Lloyd Allison,
School of Computer Science & Software Engineering, FIT,
Seminar's area: Inductive inference,
Research problem: What are statistical models?
I.e. What do they do? What can be done to them? How can you combine two or more of them? And what do you get? How can you program with them? What are the operations, types, classes, semantics?
This talk describes an approach and illustrates it with a case-study of mixed (hybrid) Bayesian networks which are applied to a challenging data set.
Some of this work was done with or was inspired by Leigh Fitzgibbon, Josh Comley and the late Chris Wallace.
This file is at users.monash.edu/~lloyd/Seminars/2005-II/index.shtml and includes links to extra material.The long story: Some of us in CSSE at Monash started to write some generalized machine-learning software -- with a GUI to do common, anticipated tasks, a 'scripting language' for unanticipated but not too hard tasks, and an implementation language for major extensions. We soon came to realise that the major design issue was "what was to be the notion of 'type', and/or 'class', of data and of statistical models of data?" Defining this notion was the big problem for the scripting language which really defines the heart of such a system. The GUI would naturally follow the scripting language's lead on types and classes. Almost any main-stream language would do for the implementation language (its ideas of type and/or class might or might not influence the scripting language and GUI). We got a good way using Java for the implementation language and implemented a lambda-calculus based scripting language, but we did not fully answer what is the best notion of type and/or class for this domain?
There is some evidence to suggest that functional programming (FP), which derives from lambda calculus, is a good general paradigm for machine learning (e.g. Lisp is popular in AI, and the 'S' package has a Lisp-ish scripting language). But type checking is often weak and/or done at run-time. Perhaps it is even a trap to design a custom (scripting) language when your main focus is on some application area -- will the language be professional and will it develop?
This talk describes an approach to writing machine-learning software using the stock functional language Haskell for both scripting and implementation purposes (no GUI, yet). Haskell has a compile-time parametric polymorphic type system and has type-classes for ad-hoc polymorphism (overloading). It has one of the more sophisticated type systems among reasonably well supported programming languages, and type systems are a major research focus of the Haskell community. The run-time parts of the language are sufficient to implement classic, and novel, machine learning algorithms. But the type system is particularly useful for analysing, and answering, "just what is a statistical model from a programming point of view?" Machine learning is a very happy application area for it. Many statistical models are naturally polymorphic and there are useful "high order" operators on estimators and models. FP seems to add generality and lightness to statistical models.

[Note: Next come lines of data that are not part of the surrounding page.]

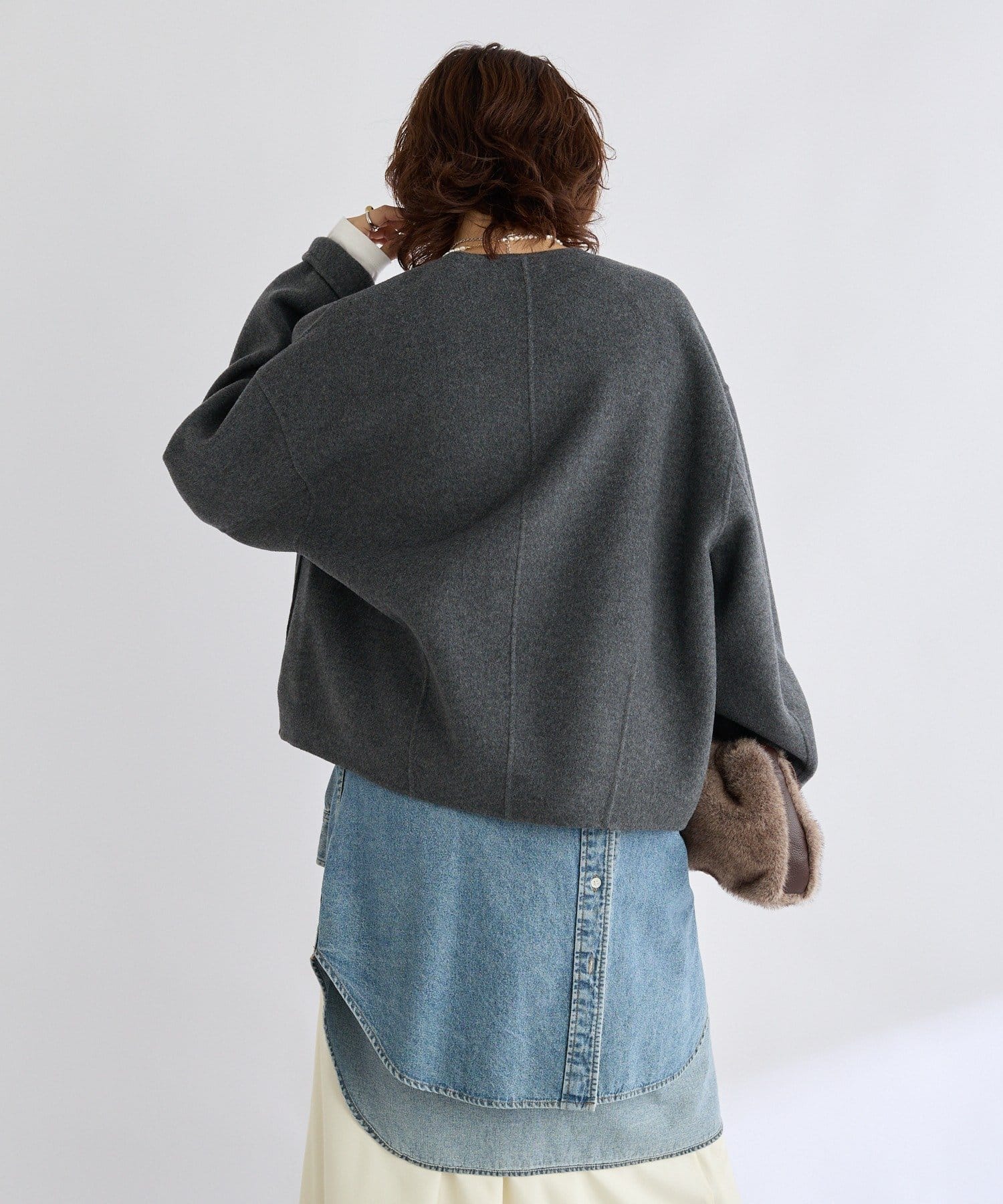 RIVE DROITE(リヴドロワ) 【上品見え】ウールリバーショートコート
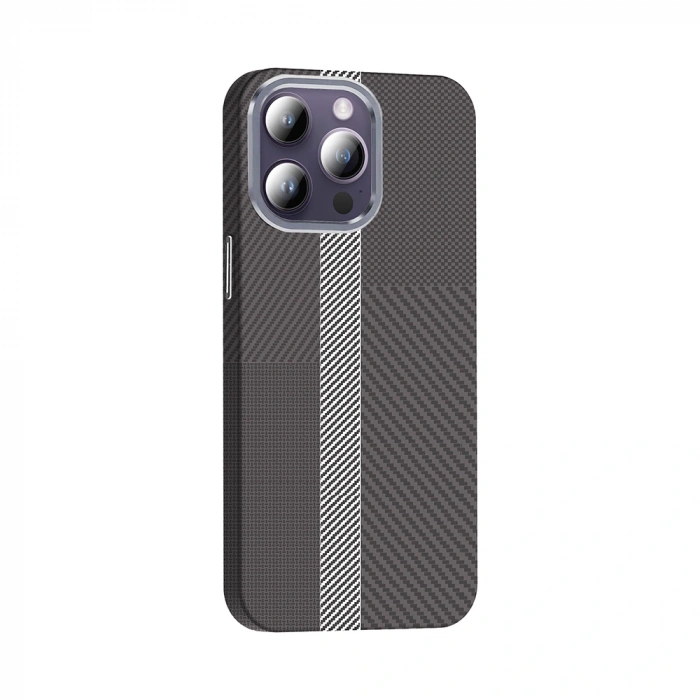 Apple iPhone 14 Pro Max Kılıf M-safe Şarj Özellikli Karbon Fiber Görünümlü Zore Gros Kapak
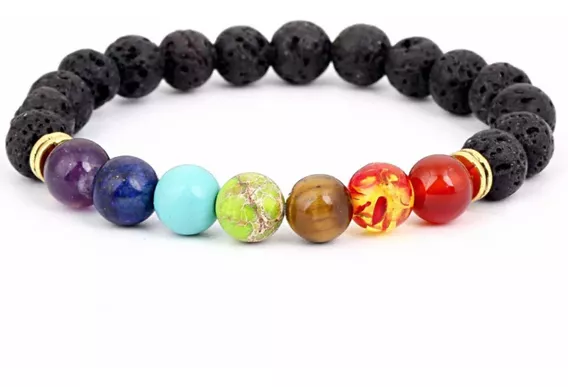 Pulsera 7 Chakras Piedra Volcanica Protección Equilibrio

Over-fitting is a well known problem in machine learning. It becomes even more troublesome when a statistical model is used as a sub-model in new combinations with others. The sub-model is very likely to be used outside its comfort zone. It is essential that the complexity of sub-models be under good, automatic control to make compositional programming with them practical. Wallace's minimum message length (MML) inference is a compositional criterion and is a good fit with FP.
The talk uses practical examples including Bayesian networks (BNs) with discrete and continuous attributes to illustrate 'inductive programming' through FP and MML.
Given a new problem in general computing,
the probability of having a ready-made solution is ~0, ...
programming languages (e.g. Haskell)
exist to ease writing new solutions.
Given a new inductive inference problem,
the probability of having a ready-made solution is ~0, ...
<?what?> exists to ease writing new solutions?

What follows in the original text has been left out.